Charging Motorists For Crashes They Cause

Cash-strapped towns in California are resorting to what opponents dub an "accident tax". At-fault, out-of-town drivers involved in a crash are sent a bill for the public services sent to clean-up the incident. Local motorists are spared.

"Strapped for money and facing deeper cuts from city and county governments, some local districts across California are pushing a novel approach to get cash: Send a bill to at-fault drivers for the costs of handling car crashes – but only if those drivers come from outside the area.

At least 10 California towns or fire districts have adopted some version of the fee or are nearing approval, according to Modesto Fire Chief James Miguel, who has reviewed the promotional material from at least one billing company.

Foes call the levy an unfair "accident tax" and the equivalent of a speed trap.

But a number of communities, led by their fire districts, already have approved the fine as a way of recouping funds that otherwise would be lost. They say the fine is a "user fee" that is not intended to expand local budgets but is one way of replenishing funds that already have been spent

The fee, pegged to the cost of providing the services, exists in several other states, including Florida, where legislation has been introduced to eliminate it. Fees range from $500 to $2,000 per accident, by one estimate, and about 80 percent of the fees are near the $500 level.

The tax is not levied on those who live within the local jurisdiction, because those people already pay taxes for police, fire and other protection. Rather, the fee is imposed on those who live outside the area and only those who are deemed at fault in the accident.

Ultimately, is this an unintended consequence of Proposition 13, the tax-cutting measure that cut tax revenues and, by extension, local services."
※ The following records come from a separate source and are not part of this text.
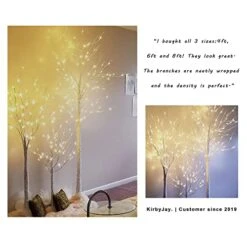 2 Pack 8FT Lighted Birch Tree 132 LED Artificial Tree For Decoration Inside And Outside, Home Patio Wedding Festival Christmas Decor, Warm White -National Tree Company Sale Shop 41Q4psK6MvL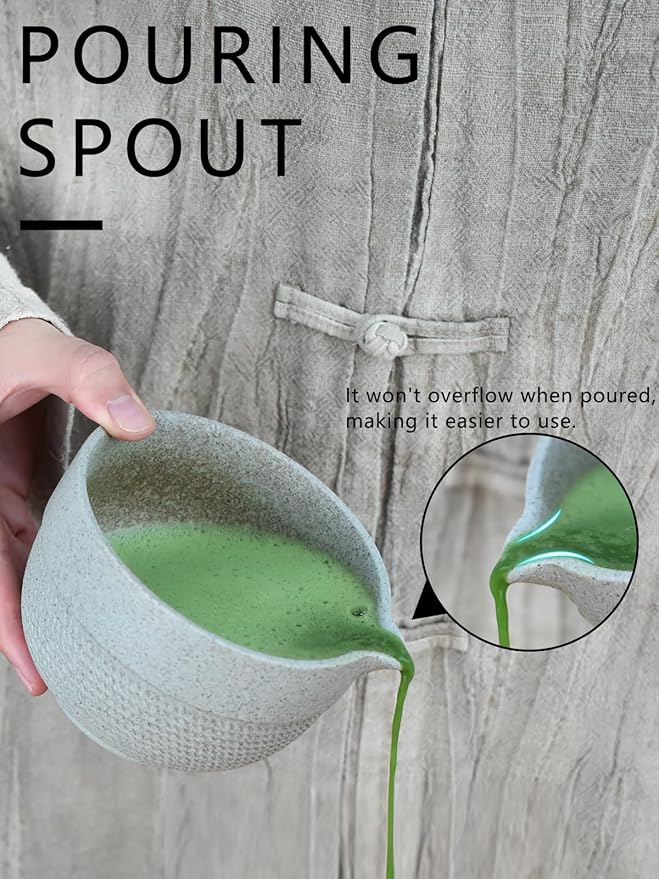 Artcome Minimalist Matcha Tea Set – 4-Piece Japanese Matcha Kit with Matte Speckled Ceramic Bowl & Spout, Bamboo Whisk, Holder, Scoop & Manual – Zen-Inspired Wabi-Sabi Tea Ceremony Gift Set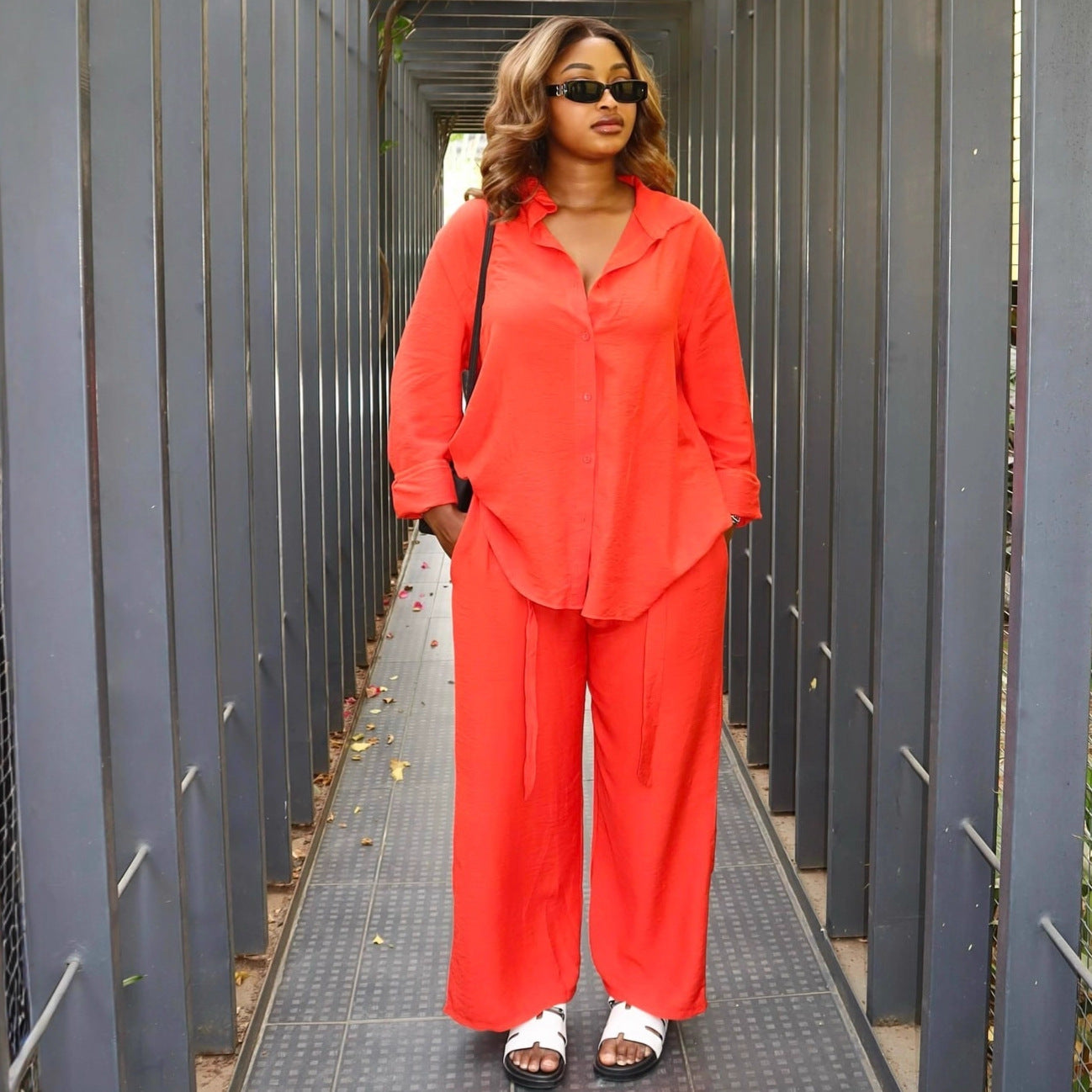 European and American large-size women's clothing solid color long-sleeved cardigan lapel shirt high waist trousers women's African fashion foreign style two-piece set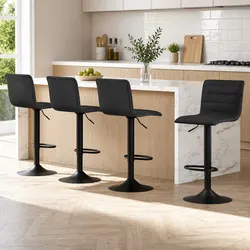 Durable Bar Stools Set of 4 with Gas Lift and Swivel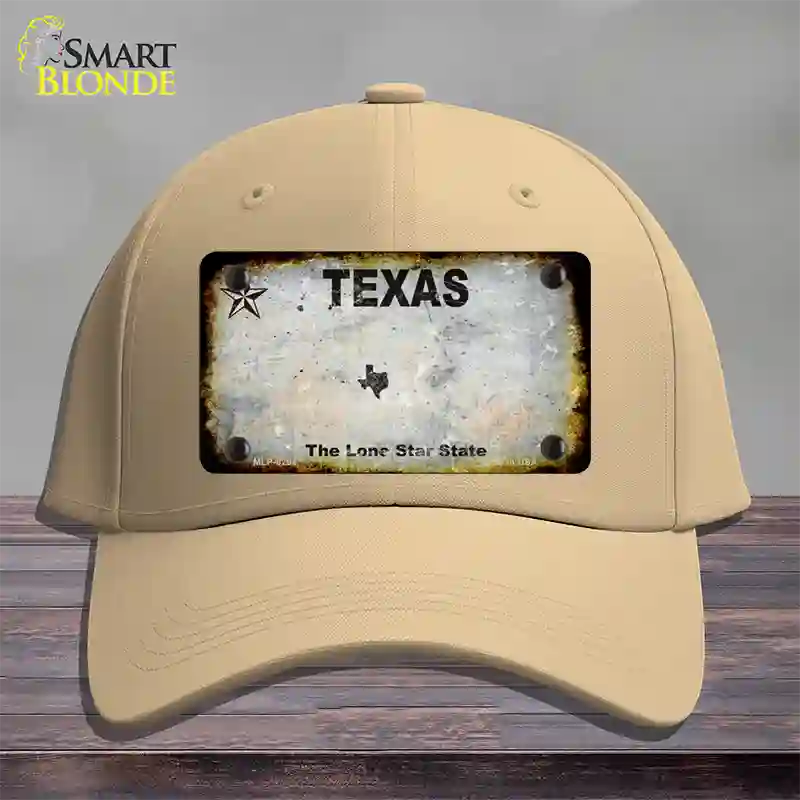 Texas White Rusty Blank Novelty License Plate Hat Cotton / Khaki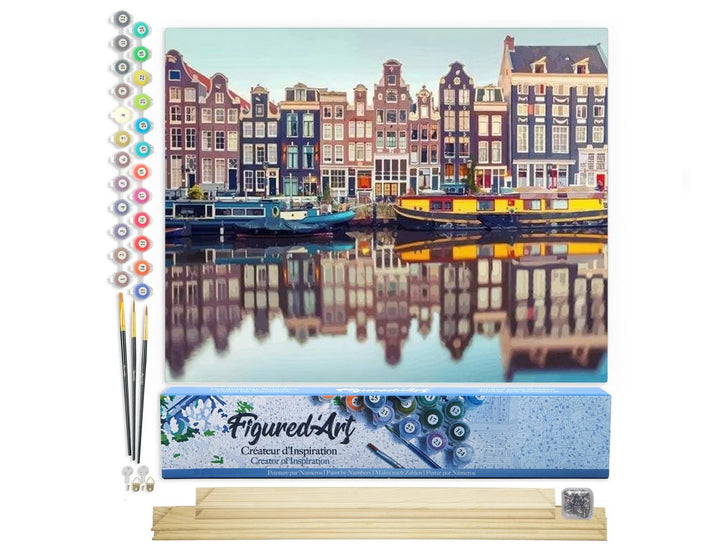 Figured'Art Malen Nach Zahlen Erwachsene Mit Rahmen Amsterdam - Paint by Numbers Basteln DIY Bastels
Thanks to This Week in Capitol Weekly?

Full Story: The out-of-towners: Footing the bill for auto crashes



Irvin Dawid's picture

Externalizing The Costs of Traffic Crashes

See Traffic Crashes Cost Twice as Much as Congestion to read about a March, 2008 AAA report showing how significant, yet unnoticed (in comparison to traffic congestion) are the costs of crashes. Receiving a bill for "public services rendered" may not be such a bad idea as it eliminates some of the externalities of driving. Of course, that the charge is applied only to out-of-towners is another issue...but that's politics!